There has been a pile of work done on the place of women in the Irish revolutionary period in recent times - from the un-airbrushing of Elizabeth O'Farrell to a raft of biographies.

Hopefully it's not too late to redress the balance but the absence of these women from accepted history over the years is nothing short of a national scandal.



Felix Larkin

This month's talk was on Grace Gifford. And sure don't we all know who she was? Didn't she marry that Plunkett fellow in his cell the night before he was executed as a signatory of the 1916 proclamation? Pure romance. End of story.

Well, before I let Felix loose on the story, let me just say a word about the title of this blog post.

The history I was taught in school was plastic history, by which I mean embroidered myth. It was essentially propaganda rather than history and it conveniently skited over messy reality to embellish already over-polished glory.

Understandable, up to a point, maybe, given that I was educated by the Christian Brothers and was surrounded by a society imbued with a high level of tolerance for myth, particularly in its religious ethos.

I have drawn attention elsewhere to the "educational" compromise involved in the presentation of Brian Merriman's Midnight Court in the classroom.

Imagine any Christian Brother having to dwell on a pregnant Grace Gifford's marriage to Joe Plunkett in his cell in Kilmainham jail just prior to his execution.

And the same Brother having to deal with a barrage of questions from a potentially rowdy class of boys who had been taught that a girl's primary purpose in life was to ensnare a man, starting now.

So had our hero Joe succumbed to the temptress? Hard to see how either Grace or Joe would have come well out of that encounter.



So to the flesh of the matter.

Grace was essentially an artist. She had attended the Dublin Metropolitan School of Art (incidentally around the same time as Gordon Brewster). She was a pupil of the artist William Orpen who thought highly of her and painted a number of portraits of her. She relied on her artwork for a living and, despite not being well off, she did much pro bono artwork for the revolutionary movement.

Later, she would quote this unpaid work when applying for a military pension, characterising it as income forgone in the cause.

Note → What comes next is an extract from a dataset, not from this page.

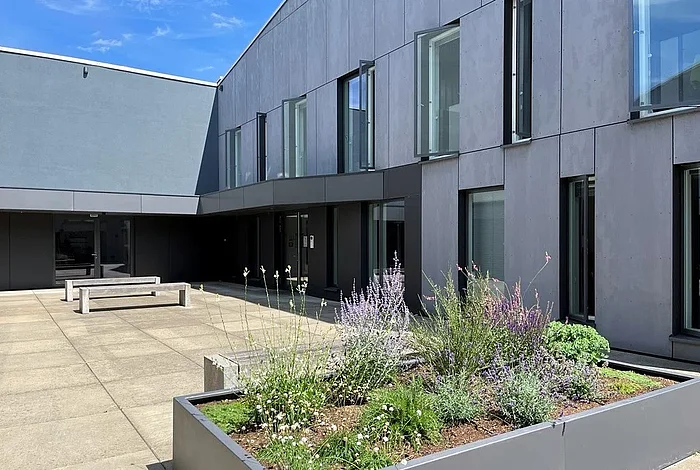 Vor dem Eingang der HEC GmbH auf dem Schuppen Eins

Her family had thrown her out over her dalliance with, and subsequent marriage to, Joe. They did not approve of this unhealthy young man for their daughter, but there were, no doubt, other grounds, such as a mismatch between her parents' unionist convictions and her espousal of the nationalist cause, though she did not endorse violence in pursuit of that cause.

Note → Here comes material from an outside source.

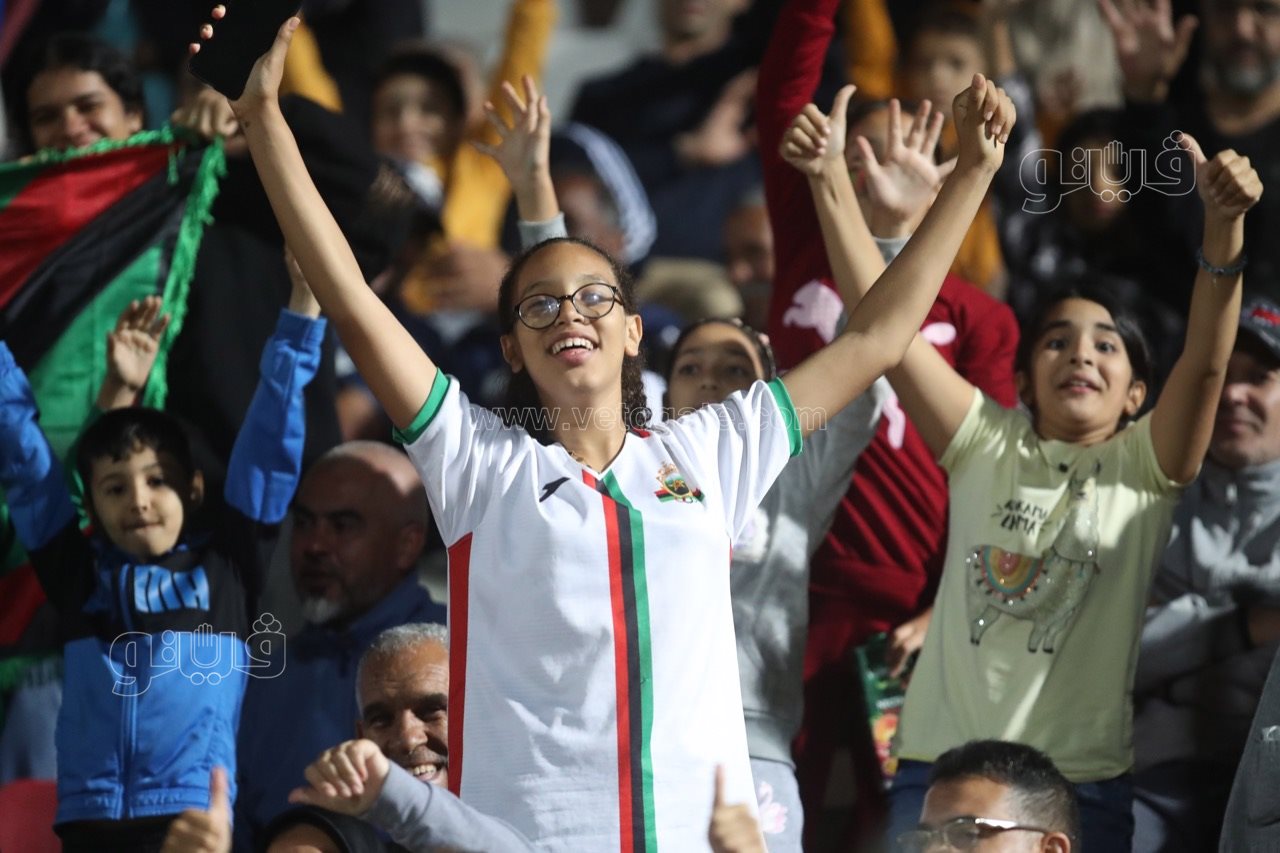 الجيش الملكي وديترمين جيرلز (17)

Her parents had a mixed marriage. The boys had been baptised Catholics and the girls Protestants after the fashion/requirements of the time, but all the children had been brought up Protestants. Grace had converted to Catholicism shortly before her marriage.

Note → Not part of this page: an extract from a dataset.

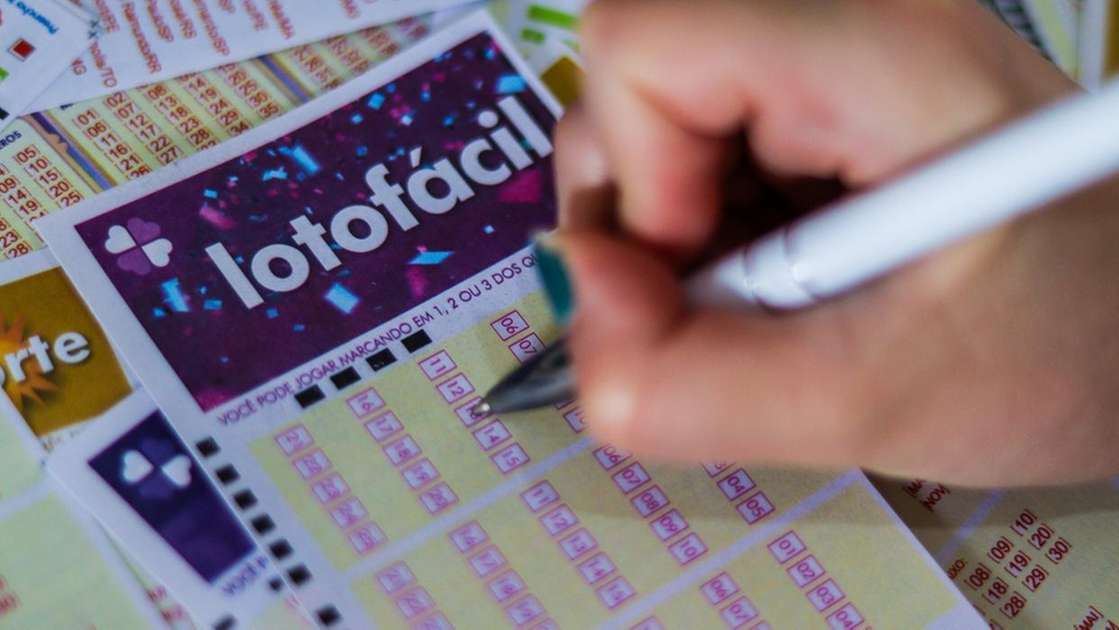 Lotofácil 3408: cinco apostas acertam as 15 dezenas e levam R$ 280 mil cada - Negócios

Anyway, there I was lapping all this up and taking photos like mad when I nearly jumped out of my skin.

Felix had broken into song, and a fine voice he has too:
Oh, Grace, just hold me in your arms and let this moment linger
They'll take me out at dawn and I will die
With all my love, I place this wedding ring upon your finger
There won't be time to share our love for we must say good-bye
An apparently well known ballad, immortalising Grace, written by Frank & Seán O'Meara in 1985.

Ruth Dudley Edwards in her book The Seven has a neat little piece of exegesis on this chorus, particularly on the last line.
The coy implication that their relationship was unconsummated is challenged by Gerry's testimony that she had uncontrovertable (sic) evidence that Grace had a miscarriage shortly after Easter while staying at Larkfield.
Gerry was Joe's sister.

Ruth, like Felix, is a myth buster and the online vituperation against her pouring out of hard core Sinn Féin/IRA has to be seen to be believed. So I just thought I'd give her an on-topic mention here to help her keep the faith.

If you're still with me, you can hear a moving version of the song recorded in Kilmainham Gaol for the 2016 centenary celebrations, or an earlier version by the inimitable, and sadly no longer with us, Jim McCann.

Mind you, this is as nothing compared to the impact of Felix's public secular singing debut on the GPO audience. Maith thú..



I can't quite remember, such was my state of shock, but I think the image above is of Felix softly hitting one of the high notes.

I've just realised that I have not so far included any of Grace's own work, so here goes.



This is her sketch of Joe done just a month after his execution.



And this is Douglas Hyde in her inimitable cartoon style.



Nearly finally, back to melting plastic history.

The decade of commemorations has seen a huge outpouring of "revisionist" research looking back on history through evidence-tinted spectacles.

This has exploded a host of plastic myths but it has also revealed the underlying humanity of many of the main players, the real environment in which they were operating and the real choices they faced.

In many cases, far from destroying the mythological character, it has made them more understandable and ordinary. That is not to deny them their extraordinary actions but it does make it easier to relate to them.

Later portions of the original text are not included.